Researchers gave people entering a movie theater a bucket of either just-popped popcorn or week-old popcorn. People who don’t generally eat popcorn during movies ate much less of the stale popcorn, but moviegoers who indicated that they typically had popcorn at the movies ate about the same amount of popcorn whether it was fresh or stale. The conclusion: for people accustomed to eating popcorn at the movies, it made no difference whether the popcorn tasted good or not.
“When we’ve repeatedly eaten a particular food in a particular environment, our brain comes to associate the food with that environment and make us keep eating as long as those environmental cues are present,” said lead author David Neal, who was a psychology professor at USC when the research was conducted.
“People believe their eating behavior is largely activated by how food tastes. Nobody likes cold, spongy, week-old popcorn,” said corresponding author Wendy Wood, Provost Professor of Psychology and Business at USC. “But once we’ve formed an eating habit, we no longer care whether the food tastes good. We’ll eat exactly the same amount, whether it’s fresh or stale.”

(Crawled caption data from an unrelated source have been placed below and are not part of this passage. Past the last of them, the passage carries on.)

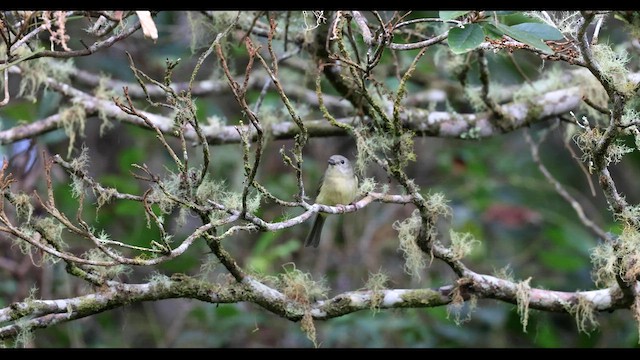 ブルーマウンテンモズモドキ - ML560443911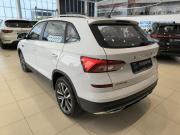 Skoda Kamiq I (China Market) Казань  - изображение 30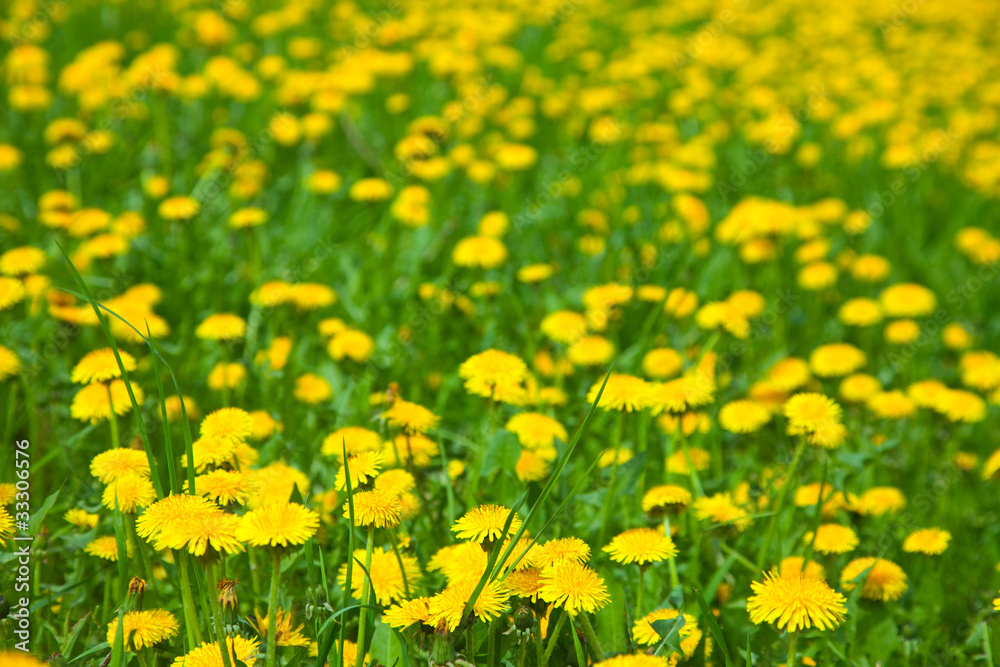 dandelion meadow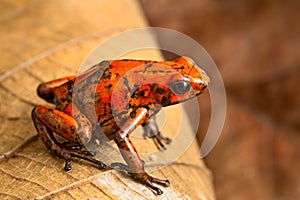 Red dart frog Oophaga histrionica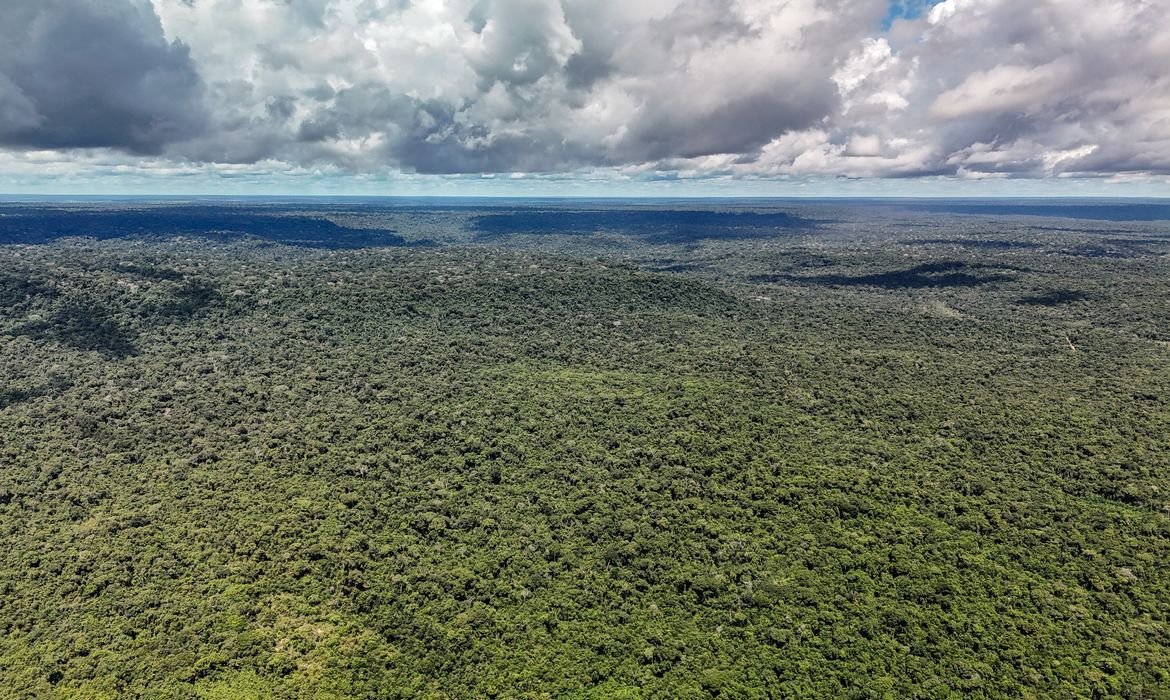 OAB Barro Preto - MapBiomas: Amazônia registra menor nível de desmatamento em 41 anos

According to a press release for the paper, the researchers also gave popcorn to a control group watching movie clips in a meeting room, rather than in a movie theater. In the meeting room, a space not usually associated with popcorn, it mattered a lot if the popcorn tasted good. Outside of the movie theater context, even habitual movie popcorn eaters ate much less stale popcorn than fresh popcorn, demonstrating the extent to which environmental cues can trigger automatic eating behavior.
“The results show just how powerful our environment can be in triggering unhealthy behavior,” Neal said. “Sometimes willpower and good intentions are not enough, and we need to trick our brains by controlling the environment instead.”
Also surprising is what researchers found by testing a simple disruption of automatic eating habits: Once again with stale and fresh popcorn, the researchers asked moviegoers to eat popcorn either with their dominant or non-dominant hand.
When using the non-dominant hand, moviegoers ate much less of the stale than the fresh popcorn, and this worked even for those with strong eating habits. Using the non-dominant hand disrupted eating habits to cause people to pay attention to what they were eating.
Could mindful eating be as simple as switching hands?